# Reservation Window Question



## jread (Nov 15, 2015)

DVC noob - in the process of purchasing 120 points in Saratoga Springs. I understand I can book at other resorts, but the reservation window reduces from 11 to 7 months. My questions is, if I also purchase 200 points at Aulani Villas, can I pool the combined points (320) for an Aulani reservation at the 11 month window?


----------



## tinglebell (Nov 15, 2015)

jread said:


> DVC noob - in the process of purchasing 120 points in Saratoga Springs. I understand I can book at other resorts, but the reservation window reduces from 11 to 7 months. My questions is, if I also purchase 200 points at Aulani Villas, can I pool the combined points (320) for an Aulani reservation at the 11 month window?[/
> 
> I don t think so as you can only use 11 month frame at your home.


----------



## JudyS (Nov 15, 2015)

jread said:


> DVC noob - in the process of purchasing 120 points in Saratoga Springs. I understand I can book at other resorts, but the reservation window reduces from 11 to 7 months. My questions is, if I also purchase 200 points at Aulani Villas, can I pool the combined points (320) for an Aulani reservation at the 11 month window?


No. At the 11 months window, you would only be able to use your 200 Aulani points to book Aulani. 

Disney has thought about this approach, and made sure it never happens.


----------



## belor (Nov 15, 2015)

Don't forget you can always bank and borrow to accomplish the same thing, so if on the 1st year you want to go to Aulani for a 320 point vacation, you can use the current year 200pts and borrow 120 from the next year. At the same time you can bank 120 @ Saratoga, so the next year you will have 240 Saratoga points to use and 80 Aulani. With this you can get 11 months at Aulani and 11 months at Saratoga (not that you will really need it for Saratoga, except for a couple weeks out of the year)

-john-


----------



## jread (Nov 15, 2015)

Thank you for this clarification. So at the 11 month window I can only use current, banked or borrowed Aulani points, but at the 7 month window I could use a combination of Aulani and Saratoga points.
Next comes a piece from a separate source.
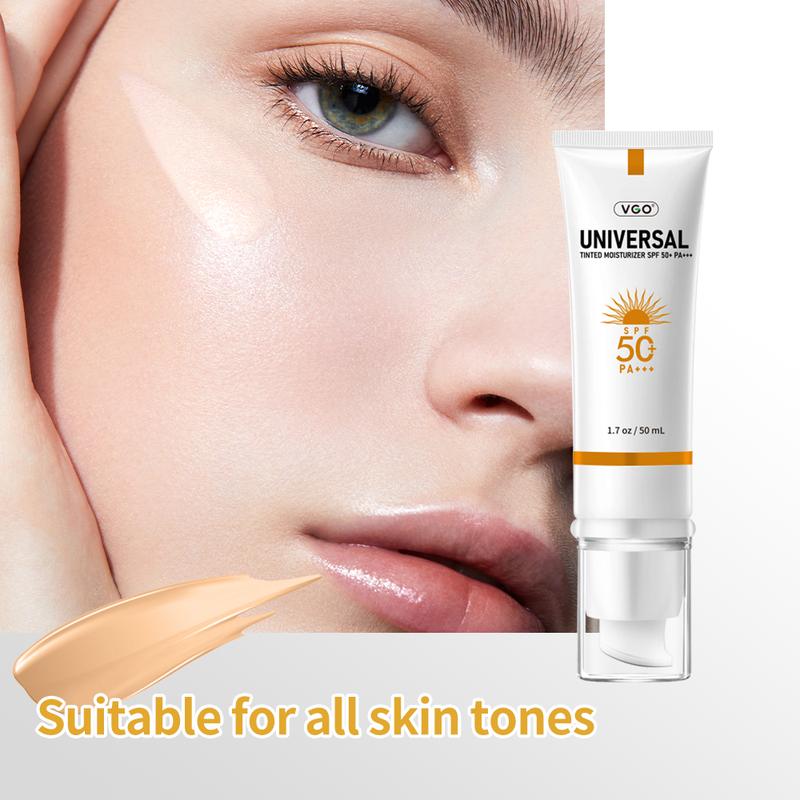 VGO-Universal Tinted Moisturizer SPF 50+ Earthy yellow liquid It can be used as foundation liquid-A Facial Skincare Sunscreen Squeeze facial care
Is that right?


----------



## belor (Nov 16, 2015)

Yes, At the 11 month point if you own at Aulani, DVC will allow you to use points for a stay there in any way you would like - banked and borrowed points have the same booking window as current.

-john-


----------



## icydog (Nov 17, 2015)

Home resort = 11 to 7 months
Other resorts =7 months or less


----------



## colamedia (Nov 29, 2015)

I'm not sure if this is correct or not, but seem to recall something like if the 2 resorts have the same use year, so they are the same account, you can move points between resorts.
If they have different use years, they are different accounts and you definitely can't do it.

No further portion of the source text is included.